Había tomado la determinación de no ir al trabajo durante unos días, hasta recuperar un cierto equilibrio. La historia de Carlos había sido muy fuerte, y además se había implicado en ella hasta un grado máximo. Debía de tomarse las cosas con calma.
Andrés no le había servido de mucha ayuda, puesto que estaba aún más confundido que ella misma. Por un lado tenía las grabaciones, pero por otro no tenían nada más. Carlos había dicho que aquella era la voz de Alicia, su mujer, pero nadie más lo había contrastado. Podía tratarse de una sicofonía vinculada a otro suceso, ya que las palabras pronunciadas por aquella mujer no tenían relación alguna con lo que él describía le estaba sucediendo.

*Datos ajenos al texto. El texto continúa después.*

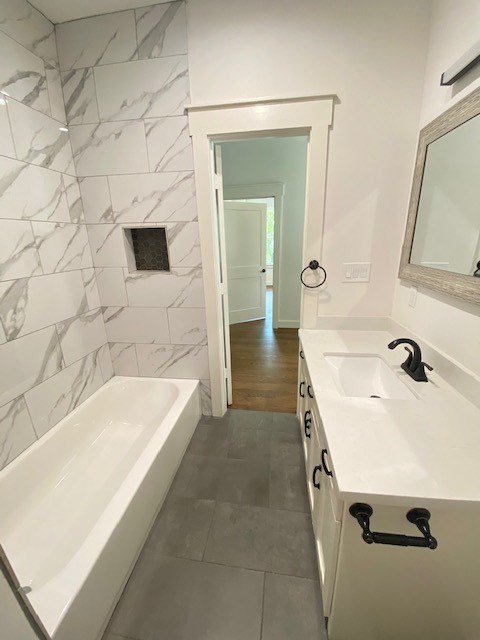 4503 McKinney Street Houston, TX 77023 - Photo 27 of 37 a bathroom with a tub sink and mirror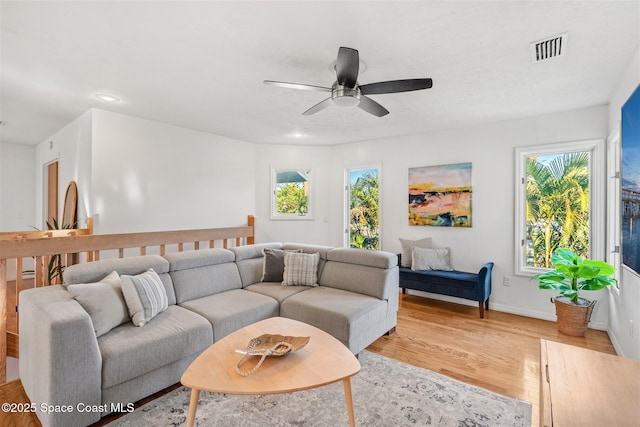 living room with ceiling fan, light wood-type flooring, and a wealth of natural light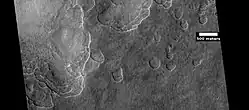 Scalloped ground, as seen by HiRISE under HiWish program.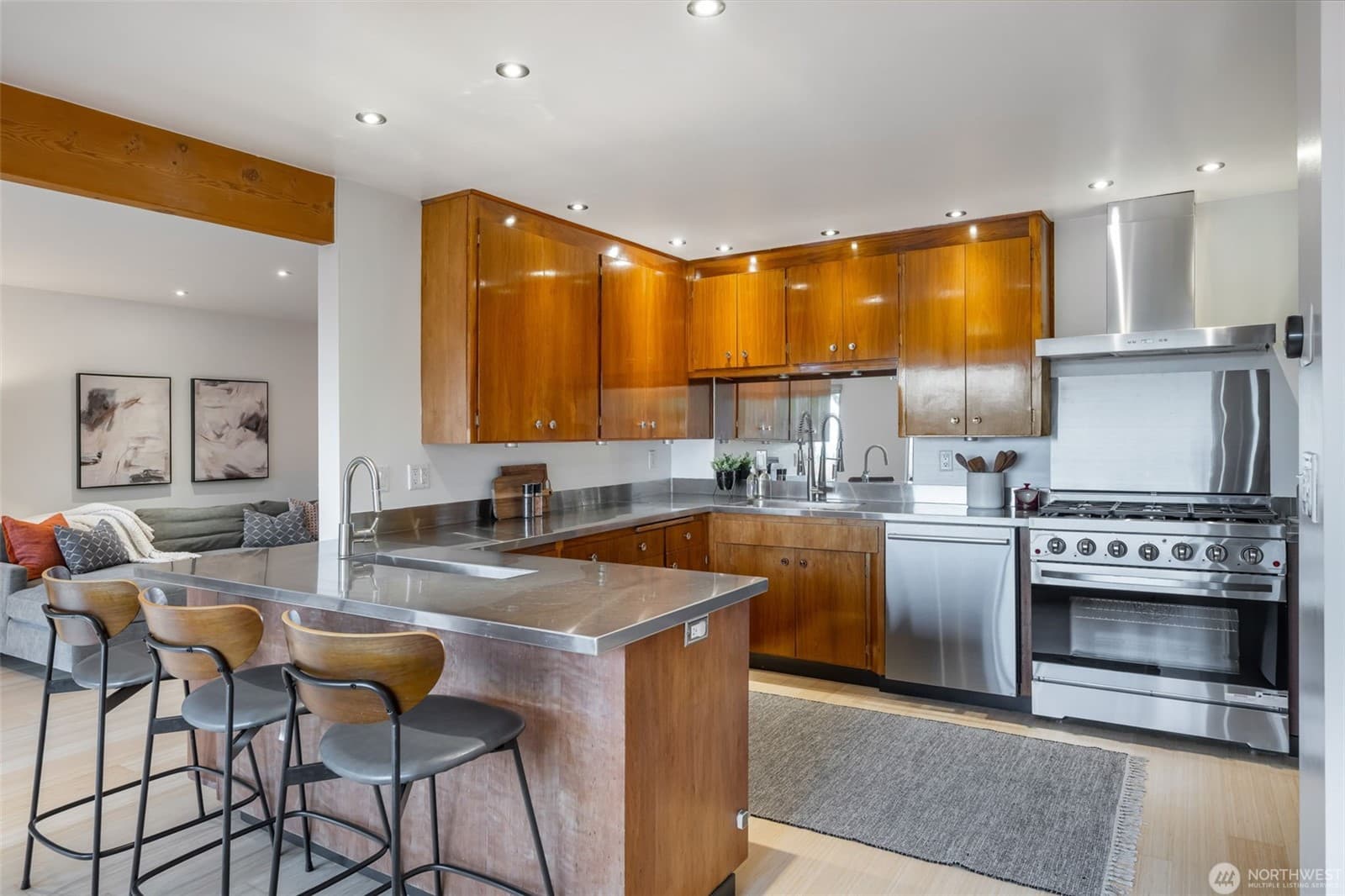 Kitchen with warm wood cabinetry, stainless counters and a professional range
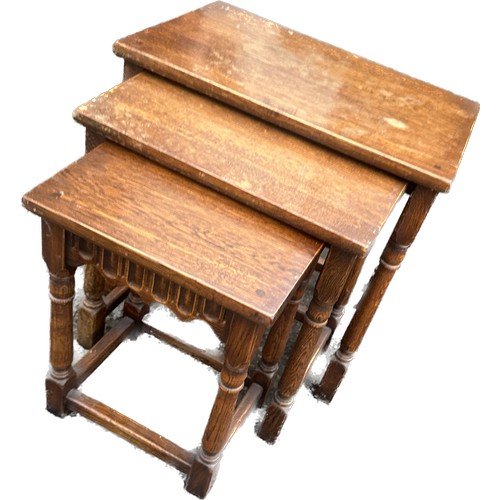 368 - Oak nest of three tables largets measures approximately 19 inches tall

Elena optó por tomarse un tranquilizante e irse a dormir: llevaba muchos días haciéndolo apenas unas horas, y su cuerpo empezaba a acumular demasiado agotamiento mental y físico. Aunque lo deseaba, cada vez que se tumbaba en la cama no podía apartar de su cabeza el recuerdo de Carlos, incluso en ocasiones lo buscaba a tientas con las manos. Pero Carlos se había marchado ya para siempre, había muerto.
Bzzzzz… Fiiiiiiiiiiiiiiii… Bzzzz…
«¿Qué es ese sonido?».
Miró hacia la mesita de noche y pudo comprobar que era la pequeña radio con la que solía ir a todas partes por las mañanas al despertarse: mientras desayunaba, mientras se duchaba, mientras se vestía… Pero ella no la había puesto en funcionamiento.
«Quizá olvidé apagarla esta mañana».
Bzzzzz… Fiiiiiiiiiiiiiiii… Bzzzz…
Aquella segunda tanda de ruiditos despertó su memoria y la dejó calvada de terror sobre el colchón, incapaz de mover ni un solo músculo.
«¡Es el mismo ruido que grabamos en la sicofonía, el que tantas veces me describió Carlos!».
Petrificada en su propia cama, y sin poder siquiera emitir un grito de auxilio, escuchó cómo su radio buscaba sola en el dial, pasando con rapidez de una emisora a otra, sin pararse en ninguna.
«¡Dios mío!».
La radio detuvo su demente andadura, como si ya hubiera encontrado la frecuencia exacta. Se hizo un breve silencio, durante el cual ella solo pudo contener la respiración atenazada por el miedo. De súbito, la voz de Carlos salió del pequeño aparato:
—¡Elena… ayúdame… ESTOY EN EL INFIERNO!